MiR-122-5p overexpression attenuates the relaxation function of vaginal smooth muscle cells (SMCs). (A) Morphology of rat vaginal SMCs under an inverted microscope. (B) Length of rat SMCs. (C) Free Ca2+ content in rat vaginal SMCs. (D) The proliferation rate of rat vaginal SMCs measured with a Cell counting kit-8 (CCK8) assay. (E) The apoptosis rate of rat vaginal SMCs with flow cytometry and terminal deoxynucleotidyl transferase-mediated biotinylated UTP nick end labeling (TUNEL) assay. (F) Cyclic adenosine monophosphate (cAMP) concentration and protein kinase A (PKA) activity. (G) mRNA expression levels of vasoactive intestinal peptide receptor 1 (VIPR1), stimulatory G protein (Gs), adenylate cyclase (AC), and PKA. (H) VIPR1, Gs, AC, and PKA protein expression determined by western blotting. Vaginal SMCs were isolated from one rat. All indicators extracted from SMCs were detected three times except for cellular morphology. The results are the mean ± standard error of the mean (SEM) and were analyzed by t-tests. *: P-value<0.05; **: P-value<0.01.

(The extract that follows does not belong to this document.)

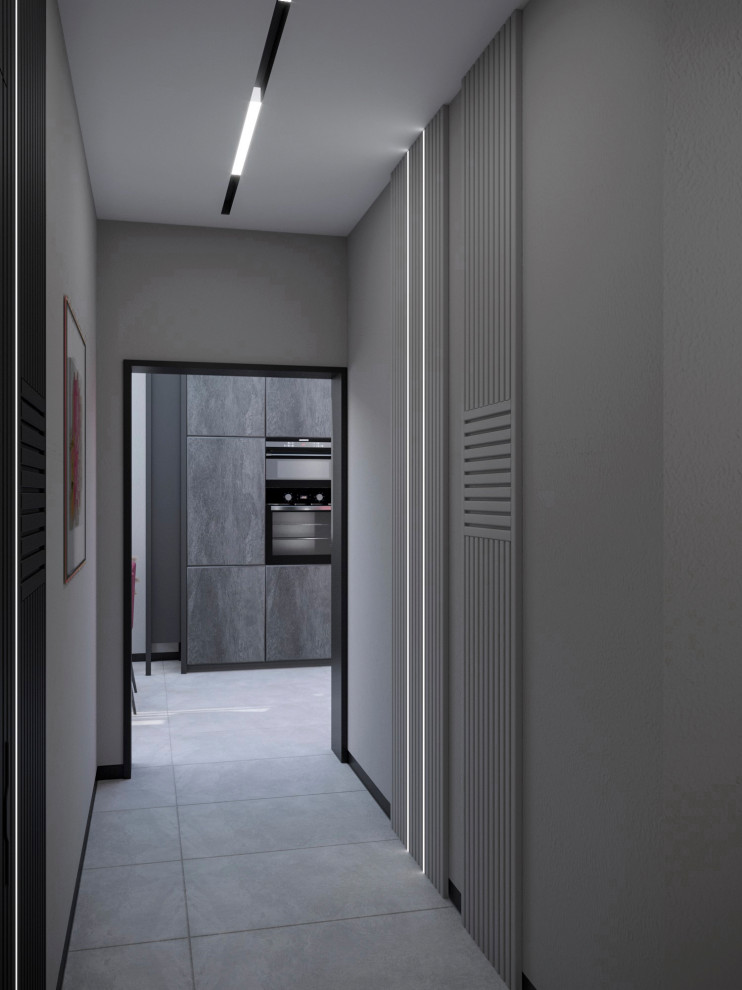 Квартира в современном стиле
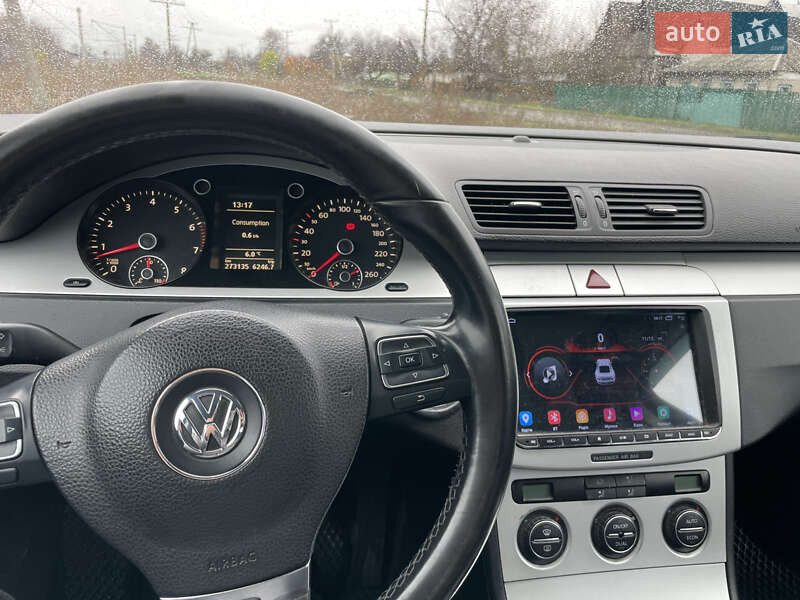 Седан Volkswagen Passat 2009 в Смеле фото 19 Седан Volkswagen Passat 2009 в Смеле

At the molecular level, the expression level of VIPR1 mRNA was detected after miR-122-5p overexpression. The consequences exhibit that the miR-122-5p overexpression group expressed less VIPR1 mRNA than the NC group (P <0.01). The mRNA expression levels of Gs, AC, and PKA were also lower in the miR-122-5p overexpression group than in the NC group, yet their difference did not achieve statistical significance (Figure 2G). Western blotting was subsequently utilized to detect the expression levels of VIPR1, Gs, AC, PKA protein, and the internal reference GAPDH. Significant differences in the VIPR1 protein level were observed between the miR-122-5p overexpression group and the NC group (P <0.01), but the expression levels of the other proteins were equal (Figure 2H).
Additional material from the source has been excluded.